It’s a little like handing a cement lifejacket to a drowning man.
The practice is called “force-placed” insurance, and it’s an example of big financial institutions profiting from the misfortune of struggling homeowners. Recently, two major insurance companies agreed to pay millions in penalties for doing it. Here’s how it works:
A mortgage borrower stops making payments on his or her homeowners insurance, so the policy lapses. The bank that collects payments on the mortgage wants to protect the mortgage investors, so it forces the borrower to buy new insurance.
Problem is the new insurance costs up to 10 times what a voluntary policy would cost and provides little coverage. Even worse, the banks collect fees and commissions of about 15 percent for forcing the overpriced insurance on homeowners.
The penalties against the insurance companies resulted from cases in New York, where the state’s Department of Financial Services cited "reverse competition." Rather than competing by offering lower prices, the insurers competed by sharing profits with banks, raising the price of force-placed insurance by creating incentives for banks to buy policies with high premiums, the state said.
“It’s a rip-off,” said Bill Cree, a real estate agent in Felton who worked for 15 years as an insurance agent, handling homeowners insurance. “People forced to buy these policies paid exorbitant fees for minimal coverage.”
The issue is important to Fannie Mae and Freddie Mac, the government sponsored enterprises that back most of the nation’s mortgages. They end up paying for much of the unpaid insurance costs, according to the Wall Street Journal.
A Scotts Valley Realtor who specializes in distressed properties, Kurt Useldinger, says forced insurance isn’t so much a rip-off of homeowners as it is of Fannie and Freddie.
He says many homeowners who owe more than their houses are worth, stop making their mortgage payments. When their homeowner’s insurance bill comes, they don’t pay it. That’s when the mortgage servicer forces the new insurance on the homeowner.
“If your old insurance cost $2,000 a year, your new insurance might be $8,000,” Useldinger said. “And it’s inferior insurance, just to cover the structure. If you have water damage that wrecks your furniture, that won’t be covered.”

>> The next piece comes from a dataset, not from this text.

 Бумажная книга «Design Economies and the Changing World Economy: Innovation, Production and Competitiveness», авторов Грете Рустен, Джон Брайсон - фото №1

“Usually, the homeowner doesn’t pay for the insurance anyway,” he said, “because he’s going to let the house be sold in a short sale,” where the bank agrees to let the borrower walk away as the house is sold for less than is owed on it.
That’s when Fannie and Freddie, financed by taxpayers, get stuck with the bill.
In a small number of cases, the struggling homeowner comes up with the missed mortgage payments in a last-ditch effort to save his home, Useldinger said, and that’s when the homeowner would have to pay for the forced insurance.
If a homeowner's insurance policy lapses, he or she can avoid paying high rates for forced insurance by having their original policy reinstated or shopping around with other insurers for a new policy, said Cree, the former insurance agent.
Better yet, maybe the penalties paid by insurance companies in New York will finally put an end to overpriced forced insurance.